“The end of all our exploring will be to arrive where we started and know the place for the first time.”
T.S. Eliot probably was not referring to bare knuckle boxing when he wrote those words. But we do seem to find ourselves in that situation today.
Richard K. Fox took over the National Police Gazette in 1877 and soon began featuring boxing within the Gazette’s pages. This was prize fighting, by the London Prize Ring Rules. There were no gloves, no wraps, no protection of any sort from the waist up. And it was totally illegal in every jurisdiction within the United States.
Prize fighting had always been illegal in the U.S. But it was popular nonetheless, until the first high-profile tragedy occurred in 1842. In a match in Hastings, New York, Christopher Lilly essentially beat Thomas McCoy to death. And the combination of a law-enforcement crackdown and the public’s shock at the incident put a pall over the sport in this country for a generation.

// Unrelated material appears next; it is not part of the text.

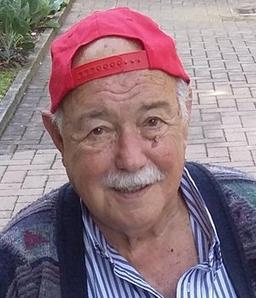 Ghisalberti Vincenzo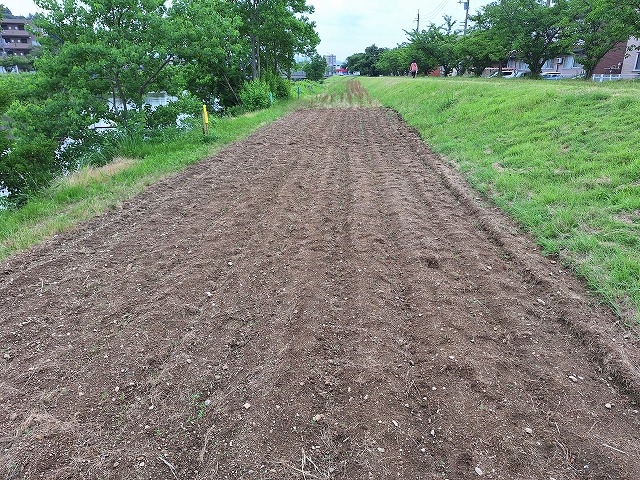 20250625_151354.jpg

With the passage of time, however, the public’s taste for bare knuckle boxing began to return. And then two things happened. Those things were Richard K. Fox and John L. Sullivan.
Fox’s story can be found elsewhere in this website. But in a nutshell, he was the P.T. Barnum of publishing. He refined sensational journalism to a degree never before approached, which is still the template for it to this day. Conflict was king, and shocking, in-your-face depictions of activities society preferred to sweep under the rug was queen. Bare knuckle boxing fit this recipe to a T.
John L. Sullivan, like Muhammad Ali 80 years later, had phenomenal ring skills combined with an uncanny feel for promotion and public relations. Did Fox and Sullivan really hate each other as is commonly thought? After all, Fox was Irish Protestant and Sullivan Irish Catholic. Was it a coincidence that their conflict produced the greatest boxing matches of the late 19th century, bringing Sullivan, the Police Gazette, and boxing in general to heights no one could have imagined? Don’t bet on it.
In 1889, Fox backed the latest of his challengers to try to teach Sullivan a lesson. Jake Kilrain lost that fight, and Sullivan solidified his hold on the bare knuckle boxing championship of the world, winning the Police Gazette championship belt. It would be the last bout to determine that championship for over 120 years.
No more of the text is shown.